Maïs soufflé et autres incompréhensions envers les appellations réservées
Récemment, un économiste bien connu a critiqué dans divers médias la démarche des producteurs agricoles qui demandent la reconnaissance d’une indication géographique protégée (IGP) et, au passage, les décisions du Conseil des appellations réservées et des termes valorisants (CARTV). Entre autres, il laisse entendre que la reconnaissance de l’IGP maïs sucré de Neuville causerait « un préjudice à la Loi » et que « l’appareillage administratif pour soutenir ces produits spéciaux nécessite un marché qui outrepasse les frontières québécoises ». Je dois conclure que l’esprit de la Loi sur les appellations réservées et les termes valorisants (LARTV) n’est pas bien compris et qu’il est nécessaire d’en analyser la véritable portée. Permettez-moi d’y contribuer.
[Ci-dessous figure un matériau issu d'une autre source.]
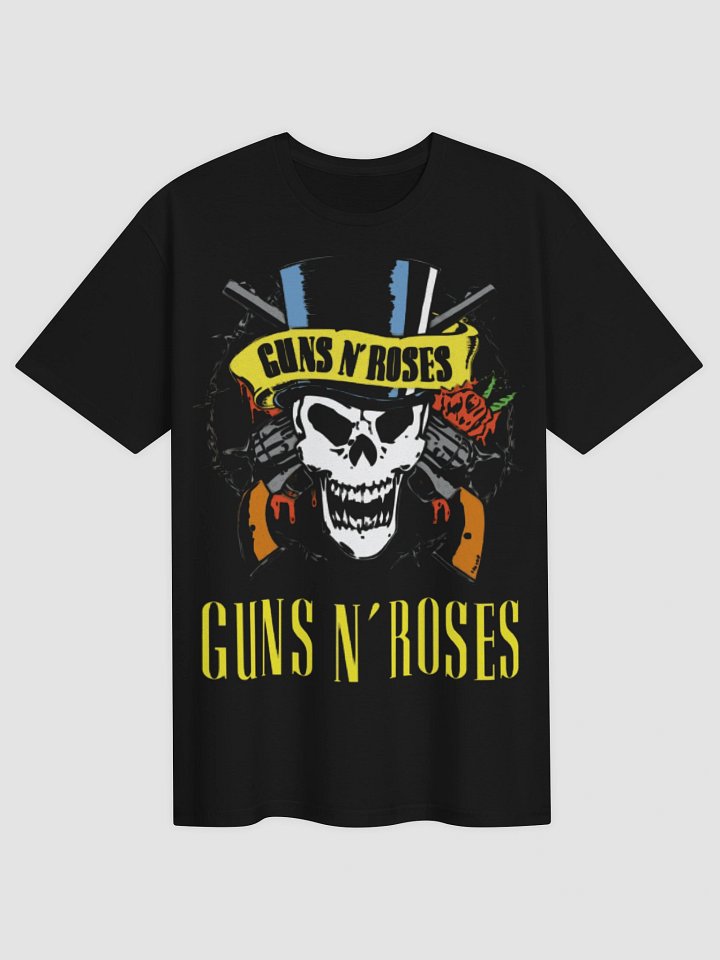 Guns N' Roses Skull Top Hat T-Shirt | Use Your Illusion Crossed Guns Graphic Tee | 90s Classic Hard Rock Band Shirt product image (2)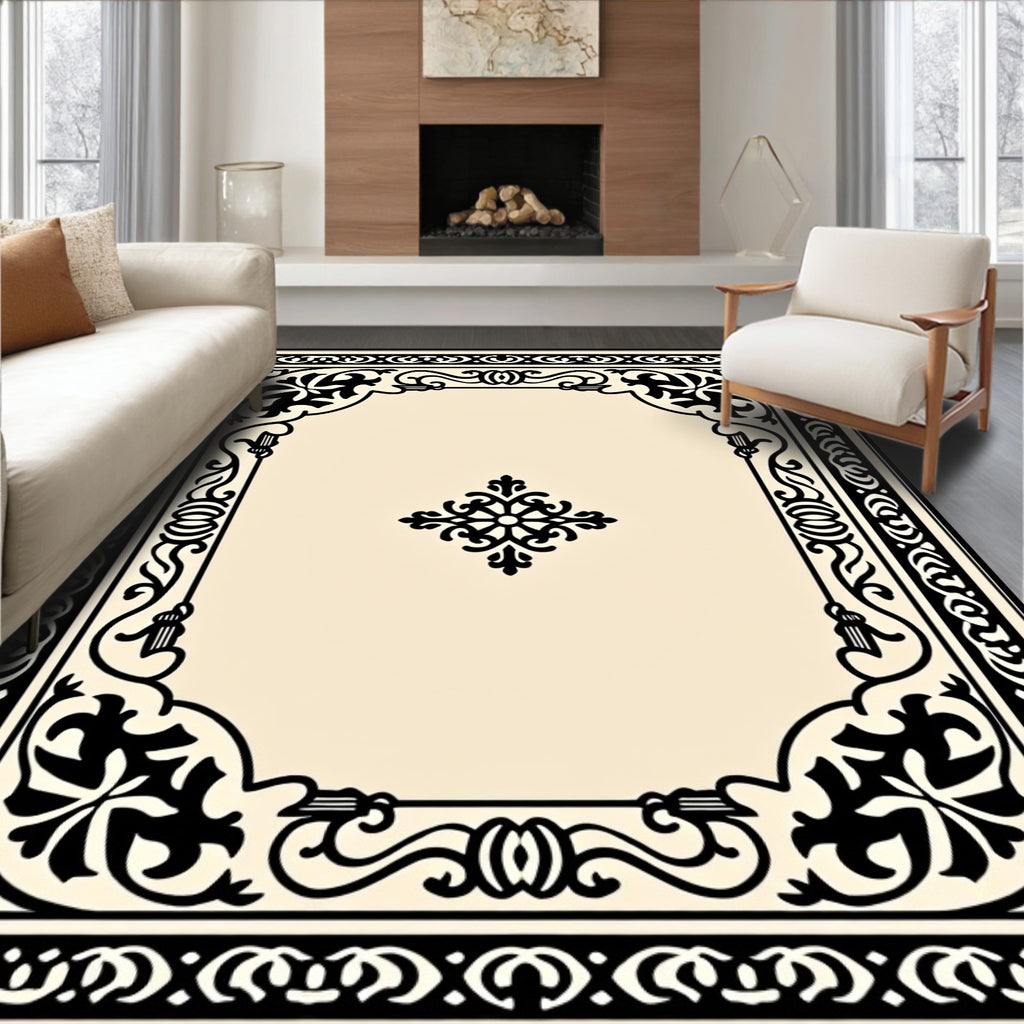 Ornate Black Floral Scrollwork Design Rug
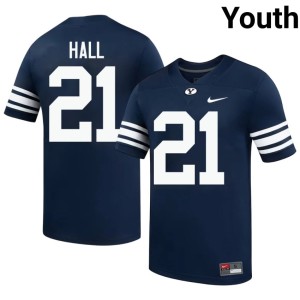 Miles Hall College Football #21 Navy Go Cougars Youth Embroidery Jerseys 132496-873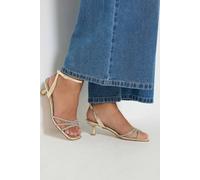 Yours Women's Strappy Glitter Kitten Heels In Wide E Fit in Gold | Size: 9EEE Yours Gold 9EEE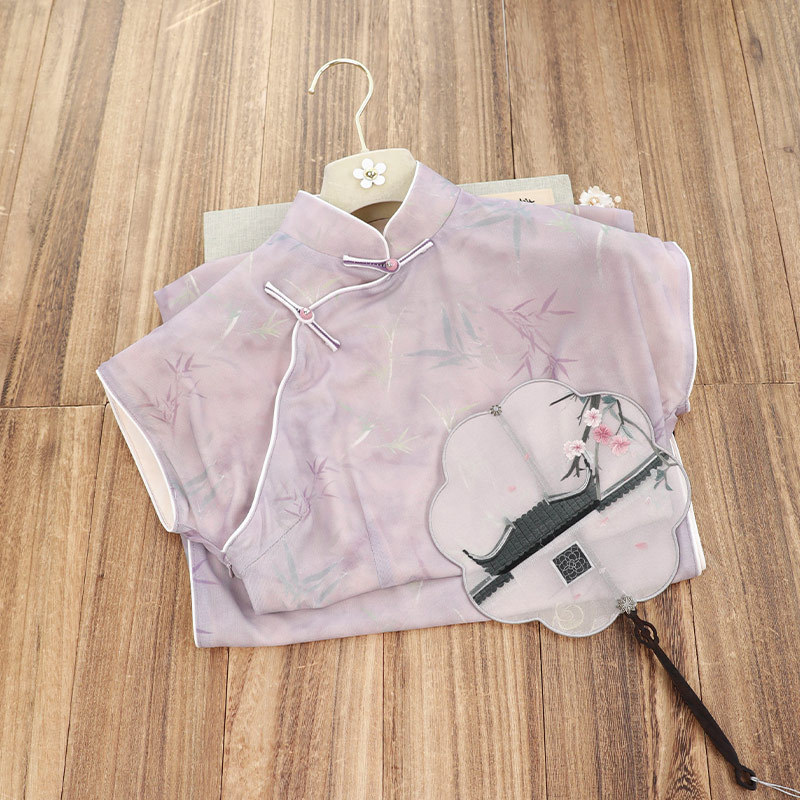 Elegant Lady Style Improved New Chinese Half-Cover Cheongsam for Women 2025 Summer New Daily Wear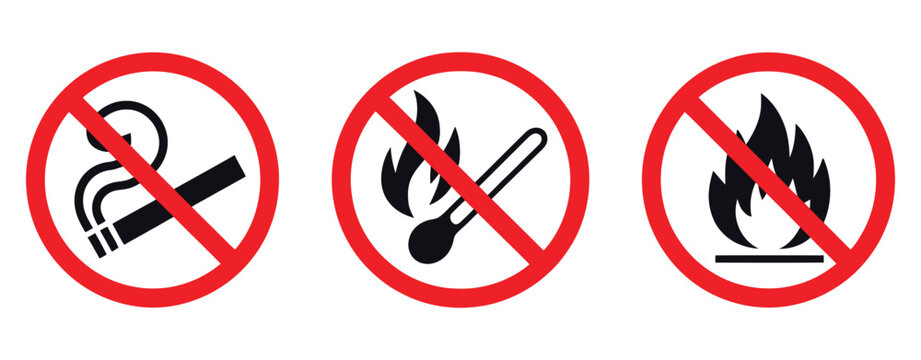 No open fire sign, no smoking and no matches prohibition symbols, round safety labels for hazardous areas and fire prevention.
D’entrée de jeu, soulignons que cette loi est provinciale et que le CARTV exerce ses pouvoirs au Québec. Néanmoins, l’histoire montre que son influence dépasse les limites de notre province et contribue à faire rayonner les initiatives et les produits du Québec. Pour l’illustrer, pensons aux produits biologiques. En 2015, plus personne n’oserait remettre en question la demande pour ce type de denrées. Il est utile de rappeler que la norme biologique a d’abord été établie au Québec et que le CARTV est le « gardien » de cette appellation réservée. Il a fallu une dizaine d’années – et la pression des partenaires commerciaux du Canada – pour que le gouvernement fédéral adopte le Régime Bio-Canada, calqué sur le modèle québécois. Près de la moitié des provinces canadiennes sont maintenant dotées d’une loi provinciale pour encadrer l’appellation biologique sur leur territoire. Le Québec avait donc vu juste. Aujourd’hui, l’évolution de la production québécoise bio n’arrive pas à suivre la demande grandissante. Une part importante des produits biologiques que nous pourrions générer vient de l’extérieur. Il y a certainement des occasions d’affaires et des retombées économiques à engendrer dans nos régions. L’exportation n’est donc pas l’unique raison de soutenir le développement et la valorisation de nos produits distinctifs. Ensuite, ceux qui pensent que l’investissement public pour encadrer les appellations réservées est « disproportionné » par rapport à la valeur des productions visées doivent aussi prendre en considération les investissements privés des entreprises. En effet, les exploitations qui font certifier leurs produits pour répondre à des créneaux de marché spécifiques, par exemple le biologique, doivent respecter des contraintes de production strictes, payer les services d’un organisme de certification et faire leurs propres efforts de promotion. Les producteurs de maïs sucré de Neuville, pour ne nommer que ceux-là, investissent ensemble depuis des décennies pour développer et maintenir la notoriété de leur produit. Ils ont suscité la confiance de leurs clients et obtiennent une plus-value sur les marchés. Les risques d’usurpation et d’atteinte à leur réputation justifient leur demande de réservation d’une IGP. C’est une décision d’affaires.
Le CARTV a pour mandat de contrôler le travail des certificateurs indépendants et l’usage des appellations réservées pour en assurer la crédibilité. À bien y regarder, ce rôle fondamental, telle une pierre d’assise, est assez circonscrit et nécessite des investissements publics relativement minimes. Au moyen d’un « appareillage administratif » modeste, l’État contribue à protéger et à stimuler des investissements privés importants qui, de surcroît, s’inscrivent dans la durée.
L’IGP, un type d’appellation prévu par la Loi, constitue beaucoup plus qu’une simple vitrine pour attirer des touristes dans une région donnée. Elle freine carrément la délocalisation des systèmes qui produisent des aliments recherchés par les consommateurs et dont les qualités, incluant leur notoriété, sont liées à leur terroir. La Loi crée un droit de propriété intellectuelle exceptionnel, inaliénable et imprescriptible, qui sécurise des systèmes alimentaires que l’économie marchande, à elle seule, ne protège pas.
Enfin, la LARTV est un instrument juridique puissant, inspiré de l’Europe. Plusieurs économies émer- gentes, dont l’Inde et le Brésil, saisissent parfaitement la pertinence de cet outil et l’utilisent de plus en plus. À ce jour, le Québec est la seule province d’Amérique du Nord dotée d’une loi « sur mesure » pour encadrer les appellations réservées. Nous avons la possibilité d’être avant-gardistes. Ne décourageons pas les initiatives bien structurées et réjouissons-nous que la démarche des producteurs de maïs sucré de Neuville inspire, par exemple, les producteurs de bleuets du Lac-Saint-Jean.